** Opening Entries shown block **
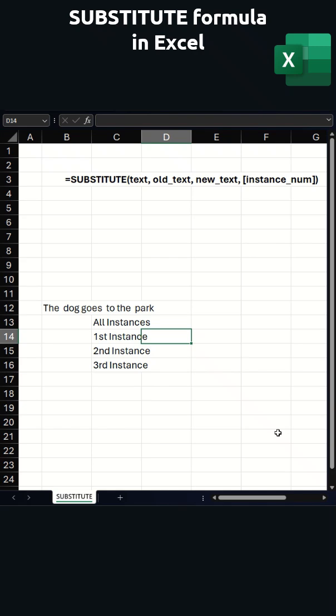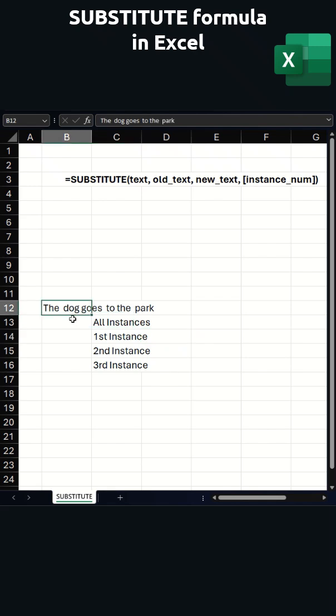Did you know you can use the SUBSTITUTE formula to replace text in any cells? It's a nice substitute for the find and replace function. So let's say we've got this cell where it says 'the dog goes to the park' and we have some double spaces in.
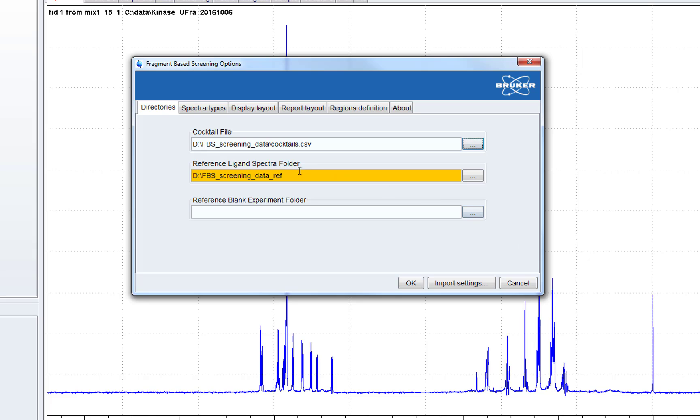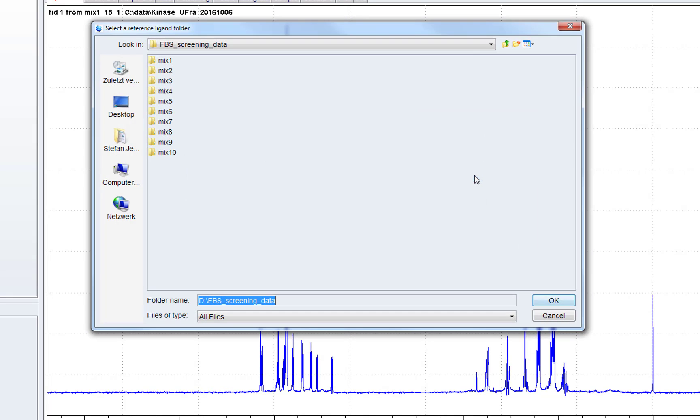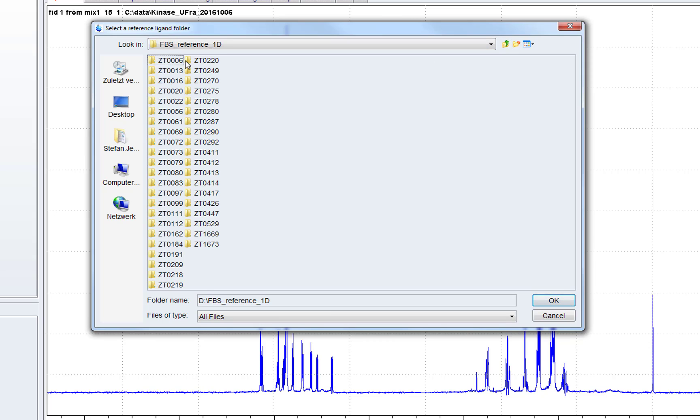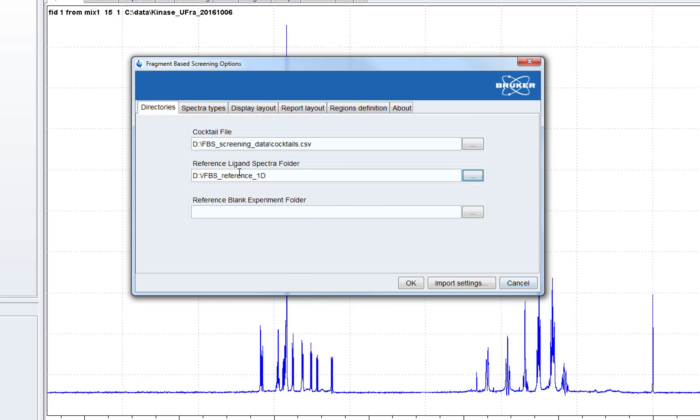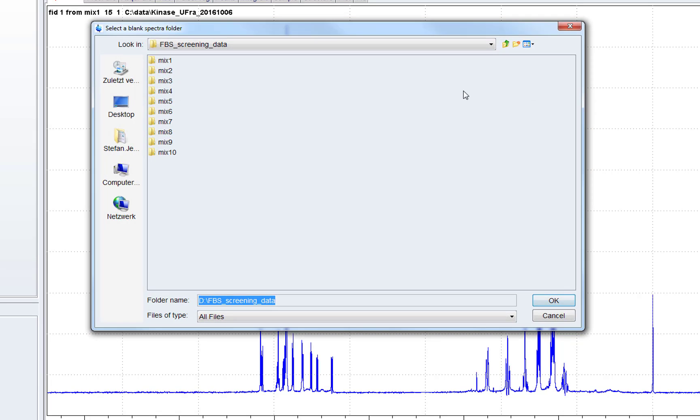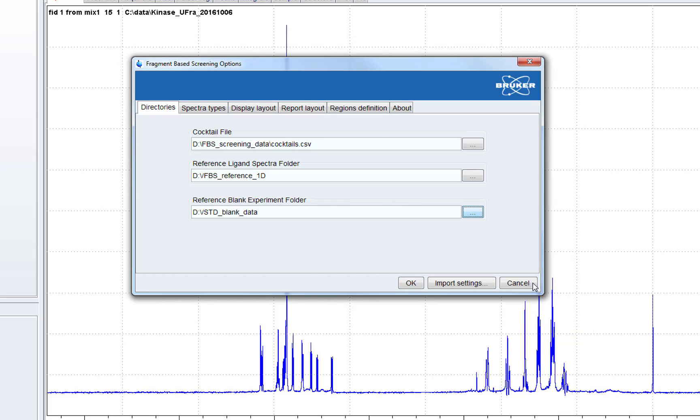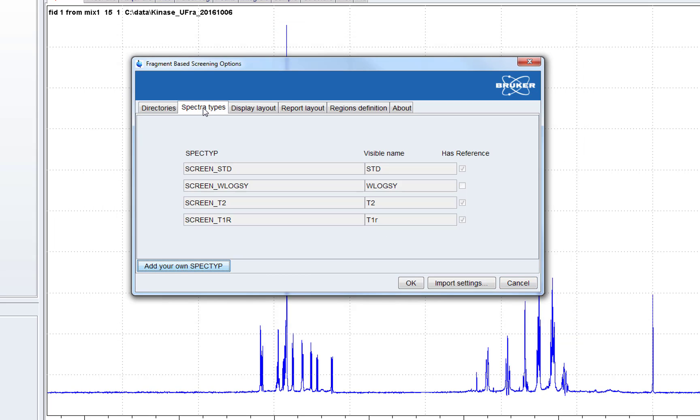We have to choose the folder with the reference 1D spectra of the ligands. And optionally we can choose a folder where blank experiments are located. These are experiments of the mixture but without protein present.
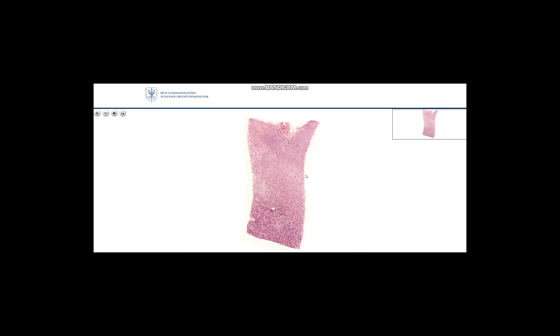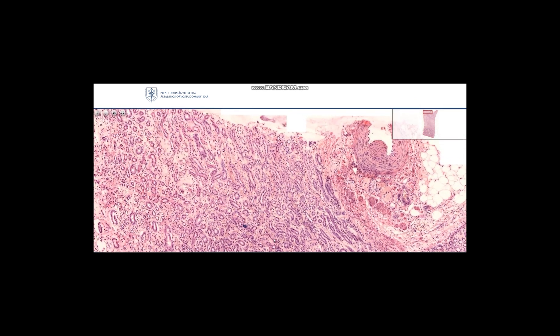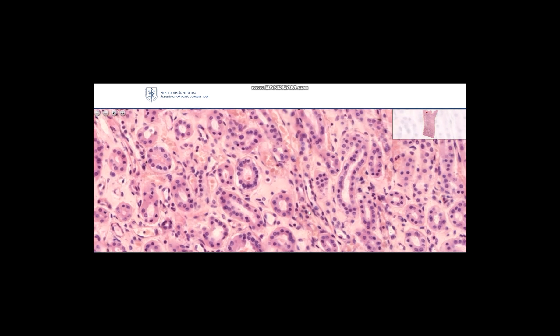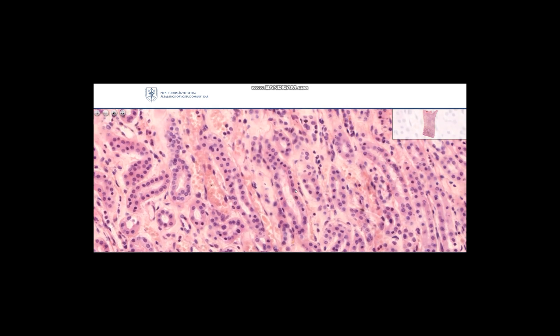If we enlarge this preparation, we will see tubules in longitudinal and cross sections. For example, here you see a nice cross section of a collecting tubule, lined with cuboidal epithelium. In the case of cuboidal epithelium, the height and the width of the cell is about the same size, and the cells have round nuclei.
** Closing Entries shown block **
** Opening Entries shown block **
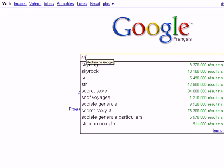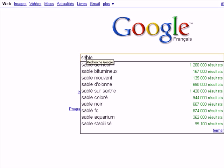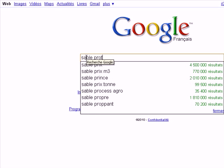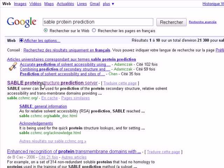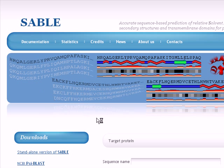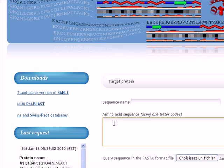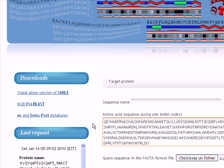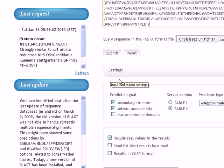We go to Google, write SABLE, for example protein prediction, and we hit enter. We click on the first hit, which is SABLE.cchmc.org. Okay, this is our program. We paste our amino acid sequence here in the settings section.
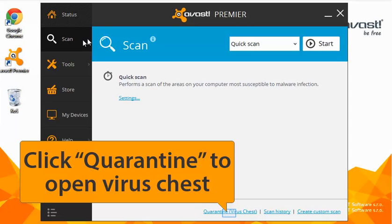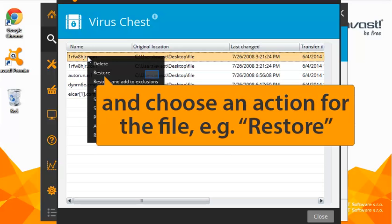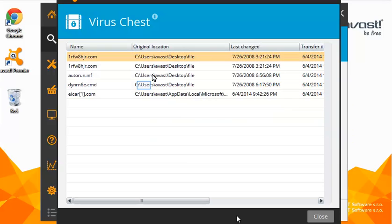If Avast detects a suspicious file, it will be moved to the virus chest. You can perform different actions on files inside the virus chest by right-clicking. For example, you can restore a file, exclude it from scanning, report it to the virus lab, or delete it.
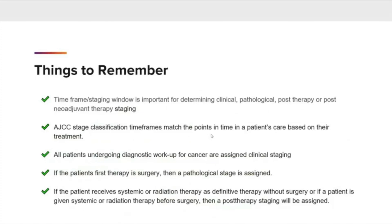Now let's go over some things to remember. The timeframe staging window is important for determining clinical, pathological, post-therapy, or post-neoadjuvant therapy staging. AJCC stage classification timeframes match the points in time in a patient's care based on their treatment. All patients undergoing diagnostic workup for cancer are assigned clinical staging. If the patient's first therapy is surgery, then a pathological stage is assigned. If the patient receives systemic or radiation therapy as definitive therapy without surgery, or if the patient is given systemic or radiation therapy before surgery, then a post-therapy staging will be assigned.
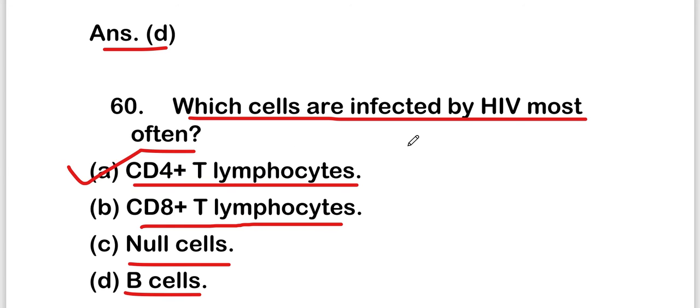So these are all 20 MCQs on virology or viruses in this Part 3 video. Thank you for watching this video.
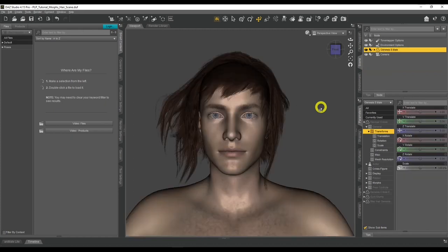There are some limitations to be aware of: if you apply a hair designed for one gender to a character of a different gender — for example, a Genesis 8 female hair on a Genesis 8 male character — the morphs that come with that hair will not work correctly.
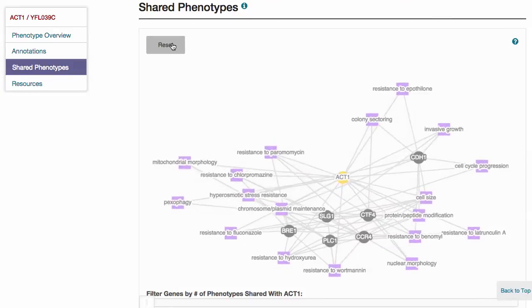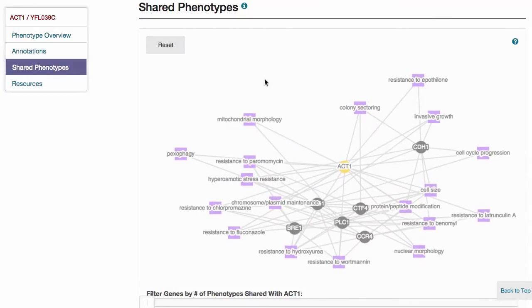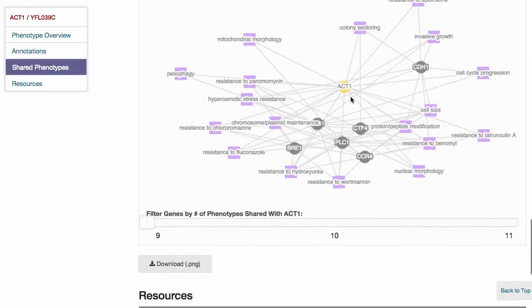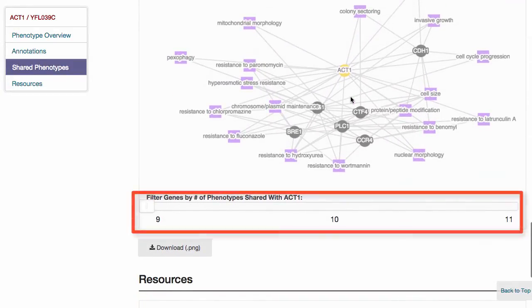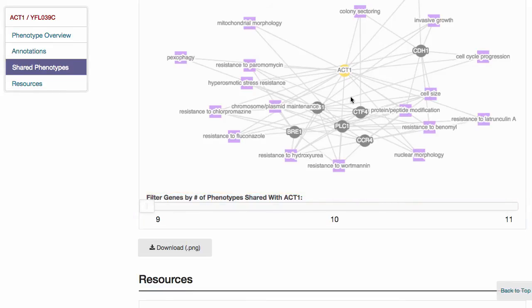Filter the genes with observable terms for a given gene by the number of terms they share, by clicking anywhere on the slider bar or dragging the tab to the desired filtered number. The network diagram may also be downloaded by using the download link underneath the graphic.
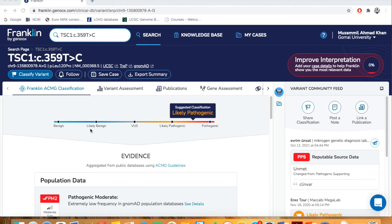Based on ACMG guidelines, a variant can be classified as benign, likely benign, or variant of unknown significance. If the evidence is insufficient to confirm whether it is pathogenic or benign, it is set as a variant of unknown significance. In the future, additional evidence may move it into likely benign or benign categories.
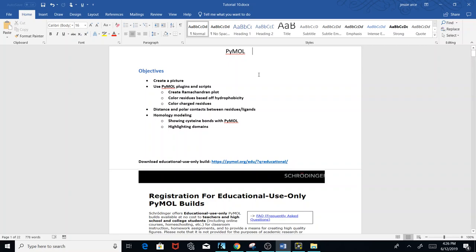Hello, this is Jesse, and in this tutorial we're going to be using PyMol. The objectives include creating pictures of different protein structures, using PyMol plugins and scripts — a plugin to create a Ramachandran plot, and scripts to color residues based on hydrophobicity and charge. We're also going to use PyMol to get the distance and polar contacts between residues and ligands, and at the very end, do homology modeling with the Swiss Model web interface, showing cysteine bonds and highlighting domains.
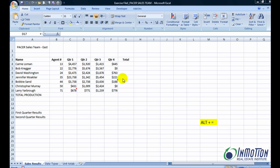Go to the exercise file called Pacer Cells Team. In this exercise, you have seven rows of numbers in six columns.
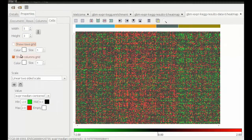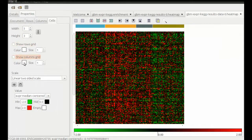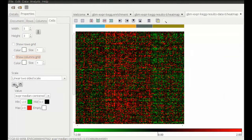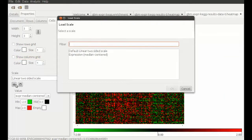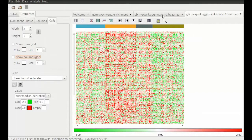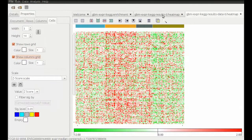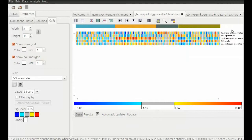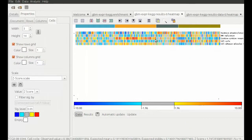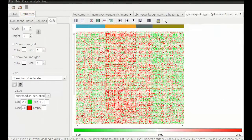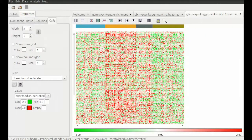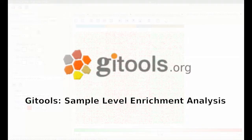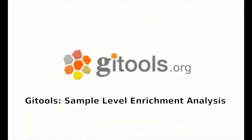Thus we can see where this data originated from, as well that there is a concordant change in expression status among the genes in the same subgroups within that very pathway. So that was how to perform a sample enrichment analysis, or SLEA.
** Closing Entries shown block **
** Opening Entries shown block **
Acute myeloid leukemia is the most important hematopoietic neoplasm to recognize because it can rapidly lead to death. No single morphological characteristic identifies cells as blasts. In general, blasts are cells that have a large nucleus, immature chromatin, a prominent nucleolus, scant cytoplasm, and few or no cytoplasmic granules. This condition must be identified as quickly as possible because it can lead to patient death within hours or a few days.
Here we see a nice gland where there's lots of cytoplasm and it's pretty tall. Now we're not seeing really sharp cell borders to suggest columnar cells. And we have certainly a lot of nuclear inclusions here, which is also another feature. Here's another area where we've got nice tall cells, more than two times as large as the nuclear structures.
** Closing Entries shown block **
## Work required
Pictures aside, return exactly the lines from the data above, starting at the line that has "Did you know" and ending at the line that has "If we enlarge", both included.

## Exercise answer
Did you know you can use the SUBSTITUTE formula to replace text in any cells? It's a nice substitute for the find and replace function. So let's say we've got this cell where it says 'the dog goes to the park' and we have some double spaces in.
We have to choose the folder with the reference 1D spectra of the ligands. And optionally we can choose a folder where blank experiments are located. These are experiments of the mixture but without protein present.
If we enlarge this preparation, we will see tubules in longitudinal and cross sections. For example, here you see a nice cross section of a collecting tubule, lined with cuboidal epithelium. In the case of cuboidal epithelium, the height and the width of the cell is about the same size, and the cells have round nuclei.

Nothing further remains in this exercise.